China Banking Ring of Fire for MNCs

♠ Posted by Emmanuel in , at 3/02/2007 02:20:00 AM
China is committed to opening up its banking sector to international providers of financial services because of its WTO membership. Stipulations on foreign access to the local Chinese market--including the provision of renminbi accounts--came into effect late last year. However, the government has made foreign banks jump through many hoops to obtain licenses as the competitiveness of Chinese banks--particularly state-controlled banks (SCBs)--remains questionable.

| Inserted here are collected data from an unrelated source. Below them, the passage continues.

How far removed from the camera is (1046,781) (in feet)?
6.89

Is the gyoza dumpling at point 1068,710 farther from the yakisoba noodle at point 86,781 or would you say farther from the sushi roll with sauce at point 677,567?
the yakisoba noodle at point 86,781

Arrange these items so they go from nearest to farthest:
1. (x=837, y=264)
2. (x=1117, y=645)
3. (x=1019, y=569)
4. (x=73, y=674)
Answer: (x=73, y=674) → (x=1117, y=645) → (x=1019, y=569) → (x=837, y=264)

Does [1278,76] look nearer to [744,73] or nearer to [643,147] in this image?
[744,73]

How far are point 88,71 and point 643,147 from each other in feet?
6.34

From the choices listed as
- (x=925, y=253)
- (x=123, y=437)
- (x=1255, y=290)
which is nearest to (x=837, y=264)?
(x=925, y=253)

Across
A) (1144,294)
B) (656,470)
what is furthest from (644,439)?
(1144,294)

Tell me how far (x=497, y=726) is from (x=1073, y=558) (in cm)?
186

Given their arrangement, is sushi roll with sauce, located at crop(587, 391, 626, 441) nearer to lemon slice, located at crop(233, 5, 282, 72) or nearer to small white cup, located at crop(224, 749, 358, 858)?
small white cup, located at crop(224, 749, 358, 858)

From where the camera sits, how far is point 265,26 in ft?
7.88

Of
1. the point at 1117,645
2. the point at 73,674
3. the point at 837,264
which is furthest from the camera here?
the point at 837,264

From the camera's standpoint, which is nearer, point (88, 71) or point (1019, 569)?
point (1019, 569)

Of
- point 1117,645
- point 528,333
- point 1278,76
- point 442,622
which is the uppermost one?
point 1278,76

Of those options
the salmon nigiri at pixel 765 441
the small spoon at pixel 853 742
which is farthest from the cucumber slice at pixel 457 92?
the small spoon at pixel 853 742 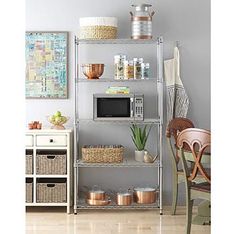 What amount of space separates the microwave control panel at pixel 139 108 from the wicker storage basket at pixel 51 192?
93 cm

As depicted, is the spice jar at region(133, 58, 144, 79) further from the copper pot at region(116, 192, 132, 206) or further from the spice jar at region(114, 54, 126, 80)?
the copper pot at region(116, 192, 132, 206)

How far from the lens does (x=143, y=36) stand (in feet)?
18.0

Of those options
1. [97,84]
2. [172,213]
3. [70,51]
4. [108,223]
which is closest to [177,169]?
[172,213]

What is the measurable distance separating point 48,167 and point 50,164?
33 millimetres

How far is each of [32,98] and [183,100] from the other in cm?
148

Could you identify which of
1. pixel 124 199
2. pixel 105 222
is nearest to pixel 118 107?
pixel 124 199

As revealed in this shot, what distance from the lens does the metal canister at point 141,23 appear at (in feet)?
18.0

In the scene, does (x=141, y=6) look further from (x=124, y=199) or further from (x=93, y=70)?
(x=124, y=199)

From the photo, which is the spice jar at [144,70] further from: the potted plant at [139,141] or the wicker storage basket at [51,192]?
the wicker storage basket at [51,192]

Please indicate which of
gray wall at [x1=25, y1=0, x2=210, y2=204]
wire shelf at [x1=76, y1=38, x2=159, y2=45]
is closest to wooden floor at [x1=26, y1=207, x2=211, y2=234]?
gray wall at [x1=25, y1=0, x2=210, y2=204]

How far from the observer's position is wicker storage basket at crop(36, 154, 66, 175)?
5.44 meters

With their high levels of non-performing loans that the government has spent a reported $400 billion to bail out since 1998, forced purchases of low-yielding sterilization bills to keep inflation in check, and forced purchases of foreign assets so official reserves do not appear so mind-bogglingly huge, these banks bear the brunt of state interference.

Oxford Analytica has just catalogued some eye-popping hoops that a foreign bank must go through to operate in China:
  • minimum registered capital of 1 billion renminbi ($129.2M) and allocation of 100 million renminbi ($12.9M) to each branch it opens to obtain national treatment;
  • having total assets of over $10 billion, while a foreign bank that seeks to open a branch has to have total assets of over $20 billion;
  • foreign branch banks can only take time deposits above 1 million renminbi ($129,200) from Chinese citizens if not locally incorporated;
  • numerous provisions allow the China Banking Regulatory Commission (CBRC) to slow or even stop the expansion of foreign banks at any time.

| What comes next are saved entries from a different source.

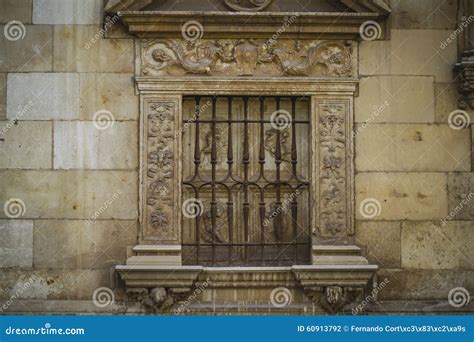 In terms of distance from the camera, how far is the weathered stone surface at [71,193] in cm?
977

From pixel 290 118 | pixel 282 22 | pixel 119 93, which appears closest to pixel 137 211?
pixel 119 93

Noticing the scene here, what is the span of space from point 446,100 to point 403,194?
1129mm

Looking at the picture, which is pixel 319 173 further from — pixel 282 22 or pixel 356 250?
pixel 282 22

By placing such onerous conditions on entry and operation, China is attempting to shield its SCBs from the onslaught of foreign competition. For instance, such high minimum requirements for renminbi time deposits may make non-incorporated foreign bank operations in China more akin to private banking for an elite clientèle than to retail banking. I enumerated the US cases against China that are underway or are almost underway at the WTO. I suspect that it might not be long before foreign banks start complaining about these onerous conditions for doing business in China. Could these conditions be deemed non-tariff barriers to services by the WTO? Watch this space.